Bill Gates Tops Steve Jobs in Political Donations; Microsoft Outspends Apple Inside the Beltway

There was a time when Bill Gates wouldn't deign to politick. He was a successful software salesman who didn't need to grease palms or seek government largesse. His company and employees donated a mere $251,474 during the 1996 federal election cycle, for example. Then came 1998, the beginning of Microsoft's anti-trust battle with the feds, followed by Gates' cry for help.

An army of lawyers, lobbyists, and pols responded, lured by the smell of real money. When the action was settled in 2001 after MS agreed to share some of its system secrets, the company had become a Beltway player. From 1998 through 2010, MS donated more than $20 million to presidential and other federal candidates. Its lobbying investment rose from a negligible amount in the mid-1990s to $9 million annually.

And the beat goes on. Today Microsoft's lobbying core tops 100, according to a new study, and its insider politicking has left chief rival Apple, for one, in the dust, with Gates personally outspending Apple CEO Steve Jobs.
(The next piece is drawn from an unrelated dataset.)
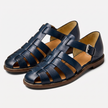 Men's FJØRNA leather closed toe fisherman sandals with sturdy straps and comfortable soles, perfect for casual summer wear.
A spending analysis of the two electronic honchos by D.C. money watchdog Center for Responsive Politics gives the donor trophy to Gates. In the last decade, the richest man in Medina gave $442,000 to national candidates, while Jobs gave $254,000. (His wife Laurene Powell Jobs, however, donated more than $502,915 federally, while Melinda Gates was down for only $68,000).

Most of Gates' contributions--$192,000--went to Republicans. All of Jobs' donations went to Democrats.

Apple had about 16 registered lobbyists on the books during the first three quarters of 2010, CRP found. A high percentage passed through the D.C. revolving door--14 of 16 cashing in on connections made in previous positions working for the federal government. But Microsoft hired 103 lobbyists during the first nine months of 2010, 83 of whom have previous federal government experience.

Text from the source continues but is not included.